I can still remember my first visit to the campus of Roanoke Bible College (now Mid-Atlantic Christian University). I was being given a tour of the campus, and this was before the new chapel/gym/library in the Albert Blanton III Center was built. As I went up the stairs in Heritage Hall to what was then the chapel, my eyes beheld Jesus’ words from Matthew 9:38 emblazoned in the stairwell, “The harvest is plentiful, but the workers are few. Therefore beseech the Lord of the harvest to send out workers into His harvest.”

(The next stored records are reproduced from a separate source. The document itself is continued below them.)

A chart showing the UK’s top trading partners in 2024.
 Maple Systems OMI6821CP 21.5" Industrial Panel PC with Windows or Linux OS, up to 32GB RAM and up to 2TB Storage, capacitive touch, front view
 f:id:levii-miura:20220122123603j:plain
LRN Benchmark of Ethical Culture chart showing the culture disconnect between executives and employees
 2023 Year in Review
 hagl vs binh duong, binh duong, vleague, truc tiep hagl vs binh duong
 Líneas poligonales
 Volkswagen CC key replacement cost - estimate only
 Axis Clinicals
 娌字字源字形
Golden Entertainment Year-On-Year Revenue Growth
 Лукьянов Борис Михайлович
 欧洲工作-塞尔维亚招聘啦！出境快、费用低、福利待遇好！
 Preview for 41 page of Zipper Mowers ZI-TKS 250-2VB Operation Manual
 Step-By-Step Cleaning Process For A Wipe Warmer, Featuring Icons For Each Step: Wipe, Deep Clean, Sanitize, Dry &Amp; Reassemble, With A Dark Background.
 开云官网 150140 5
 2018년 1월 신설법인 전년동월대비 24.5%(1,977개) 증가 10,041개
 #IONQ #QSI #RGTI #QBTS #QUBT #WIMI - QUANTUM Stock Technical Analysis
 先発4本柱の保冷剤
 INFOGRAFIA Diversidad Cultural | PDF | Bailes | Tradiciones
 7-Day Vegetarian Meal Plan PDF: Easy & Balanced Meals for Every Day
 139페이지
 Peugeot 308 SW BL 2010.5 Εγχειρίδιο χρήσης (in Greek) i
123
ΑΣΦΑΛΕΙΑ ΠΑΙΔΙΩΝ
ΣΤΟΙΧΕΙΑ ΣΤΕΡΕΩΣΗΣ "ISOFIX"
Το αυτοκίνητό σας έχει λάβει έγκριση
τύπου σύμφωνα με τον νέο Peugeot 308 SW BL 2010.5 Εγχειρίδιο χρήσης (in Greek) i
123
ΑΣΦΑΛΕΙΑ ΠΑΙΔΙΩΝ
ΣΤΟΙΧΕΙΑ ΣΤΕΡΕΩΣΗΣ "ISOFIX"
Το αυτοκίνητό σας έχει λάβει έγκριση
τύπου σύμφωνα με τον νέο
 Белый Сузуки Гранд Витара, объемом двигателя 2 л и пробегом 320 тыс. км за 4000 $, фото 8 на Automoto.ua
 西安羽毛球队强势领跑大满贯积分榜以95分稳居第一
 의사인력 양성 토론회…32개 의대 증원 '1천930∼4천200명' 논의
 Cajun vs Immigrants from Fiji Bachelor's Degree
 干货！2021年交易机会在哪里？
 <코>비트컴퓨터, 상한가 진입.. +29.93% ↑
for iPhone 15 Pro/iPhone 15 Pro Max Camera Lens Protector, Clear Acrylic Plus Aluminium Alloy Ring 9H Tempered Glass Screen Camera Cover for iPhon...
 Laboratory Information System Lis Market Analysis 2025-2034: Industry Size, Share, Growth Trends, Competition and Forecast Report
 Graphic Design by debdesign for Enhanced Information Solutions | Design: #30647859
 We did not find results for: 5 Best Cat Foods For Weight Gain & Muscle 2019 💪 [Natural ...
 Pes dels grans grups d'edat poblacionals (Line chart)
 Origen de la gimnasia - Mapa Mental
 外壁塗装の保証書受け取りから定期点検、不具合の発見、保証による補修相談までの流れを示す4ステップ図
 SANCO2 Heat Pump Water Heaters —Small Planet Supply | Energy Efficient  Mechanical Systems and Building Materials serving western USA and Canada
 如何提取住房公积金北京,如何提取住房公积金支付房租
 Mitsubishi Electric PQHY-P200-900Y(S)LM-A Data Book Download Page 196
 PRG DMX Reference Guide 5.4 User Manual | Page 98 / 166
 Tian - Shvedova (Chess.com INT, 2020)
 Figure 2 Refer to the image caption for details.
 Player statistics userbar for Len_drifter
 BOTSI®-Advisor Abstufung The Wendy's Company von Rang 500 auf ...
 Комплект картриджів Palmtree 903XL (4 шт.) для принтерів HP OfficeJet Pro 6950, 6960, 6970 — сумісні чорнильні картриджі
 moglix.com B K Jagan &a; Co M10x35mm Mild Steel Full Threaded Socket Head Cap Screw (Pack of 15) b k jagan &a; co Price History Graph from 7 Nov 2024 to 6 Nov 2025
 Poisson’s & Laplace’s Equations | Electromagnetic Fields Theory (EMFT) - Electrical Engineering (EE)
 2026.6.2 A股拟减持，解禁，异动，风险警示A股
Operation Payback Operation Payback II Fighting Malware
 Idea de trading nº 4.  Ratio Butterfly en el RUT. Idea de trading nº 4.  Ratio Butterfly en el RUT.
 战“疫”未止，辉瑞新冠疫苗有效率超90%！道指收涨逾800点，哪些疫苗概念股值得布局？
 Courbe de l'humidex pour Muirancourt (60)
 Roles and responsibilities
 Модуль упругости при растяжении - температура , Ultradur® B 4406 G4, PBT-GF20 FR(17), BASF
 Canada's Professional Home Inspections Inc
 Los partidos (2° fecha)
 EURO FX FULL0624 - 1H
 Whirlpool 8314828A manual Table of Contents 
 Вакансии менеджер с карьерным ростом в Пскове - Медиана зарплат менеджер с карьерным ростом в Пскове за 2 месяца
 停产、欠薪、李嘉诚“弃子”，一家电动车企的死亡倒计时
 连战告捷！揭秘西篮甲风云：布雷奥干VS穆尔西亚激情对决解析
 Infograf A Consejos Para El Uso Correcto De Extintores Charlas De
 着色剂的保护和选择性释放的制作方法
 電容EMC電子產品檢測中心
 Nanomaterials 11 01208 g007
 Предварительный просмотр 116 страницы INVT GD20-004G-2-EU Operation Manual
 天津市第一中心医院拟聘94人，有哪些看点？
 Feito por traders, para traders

I think now, more than ever, we need to be praying this prayer.
Our Bible Colleges are graduating less and less preachers. My Alma-mater, a place I will always be grateful for because of the education I received, the relationships that were forged, and the memories that will always be cherished, no longer offers a degree specific to the preaching ministry, largely due to the paucity of young men seeking that profession (they do still offer a general ministries degree for those wanting to enter full-time ministry.) So who’s to blame? And what, if anything can be done about it?
Playing the Blame Game
Now some blame the Bible Colleges. They say there is a loss of focus on original purposes. And who can blame these critics? The names of our colleges are constantly changing to reflect a different image or different purpose or different programming. RBC became MACU. Johnson Bible College, my grandfather’s Alma-mater, is now simply Johnson University. Atlanta Bible College, MACU’s sister school is now Point University. Now, I don’t think a name change means these colleges are renouncing Christ, but it does give ammo to the nay-sayers, and whether it is fair or not, it does lend credence to the argument that our preacher-training colleges have lost focus.
Others blame tuition costs. When I graduated RBC, the cost of education was roughly $12 – 15,000 a year for a student taking 15 credit hours. To be fair, MACU has worked hard to keep tuition costs down, but now it costs roughly $18,000 a year. That’s $72,000 after four years. Grants and scholarships are limited at our Bible colleges due to the fact that they are private entities. That means student loans. The fact of the matter is many of our Bible College grads will be given their diploma with $40,000 or more of debt shackling them for at least the next 5 years of their young lives. Couple this with the fact most first ministries are with small or rural churches that can’t afford to pay a preacher well, and you get parents advising their kids not to go into ministry because they will graduate a pauper and remain one the rest of their career.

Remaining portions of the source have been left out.